- Task to complete
In the listing beneath this line, copy exactly the lines starting with the one containing "Continuacutea el trabajo" and going on through the one containing "Donnie darko rabbits rabbit".

- Exercise data

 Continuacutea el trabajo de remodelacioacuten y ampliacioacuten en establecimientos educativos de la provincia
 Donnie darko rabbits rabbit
==
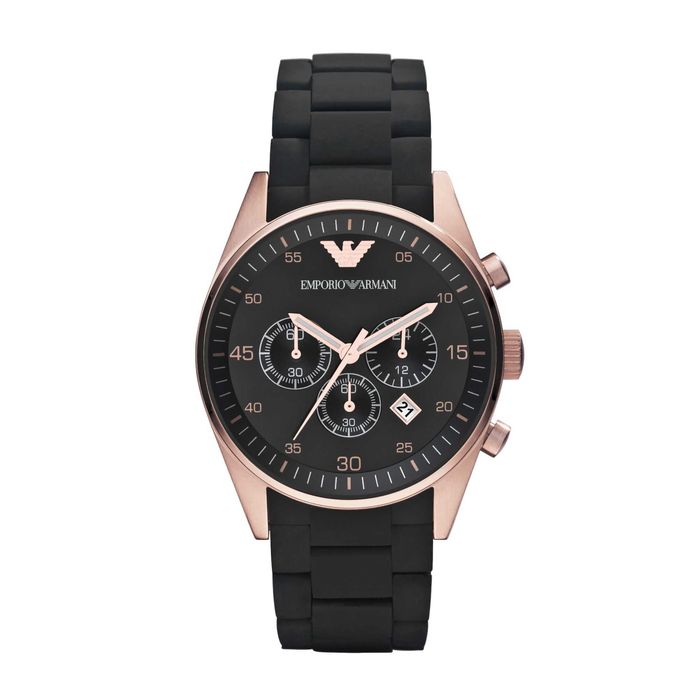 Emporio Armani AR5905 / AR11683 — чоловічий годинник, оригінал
==
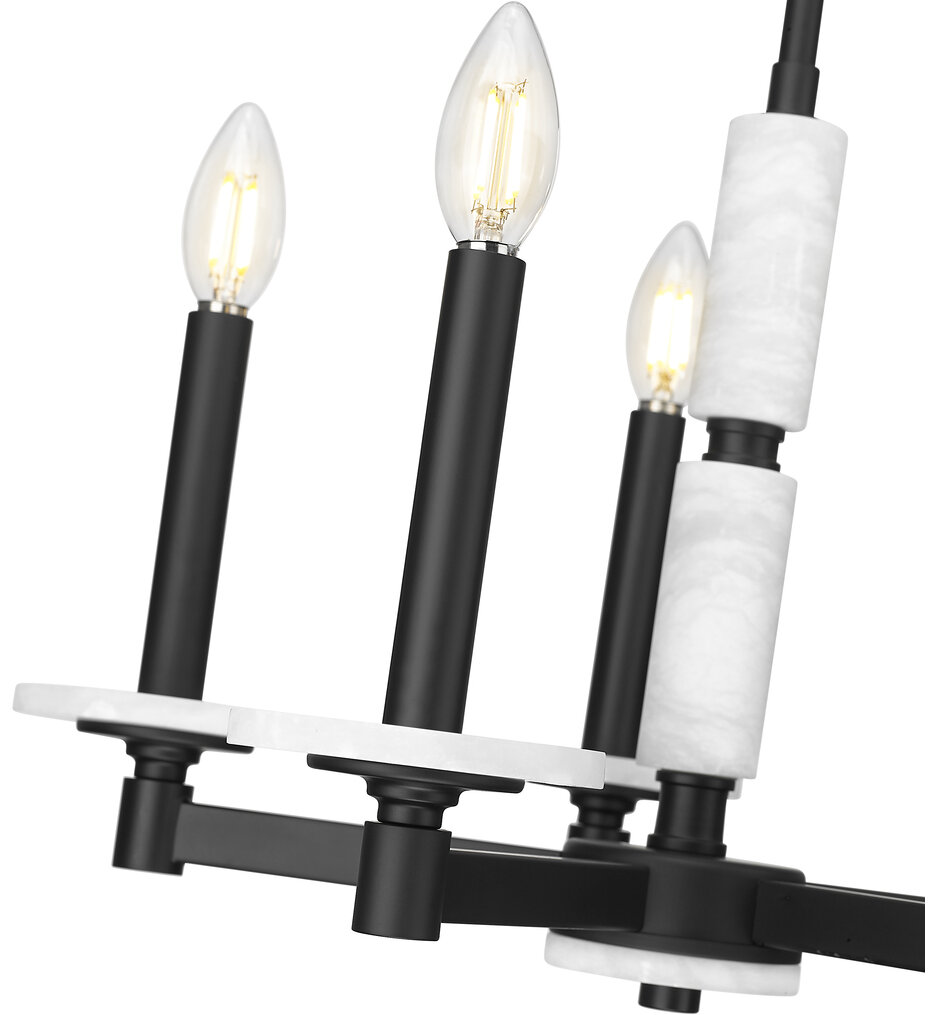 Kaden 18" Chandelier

- Task result
 Continuacutea el trabajo de remodelacioacuten y ampliacioacuten en establecimientos educativos de la provincia
 Donnie darko rabbits rabbit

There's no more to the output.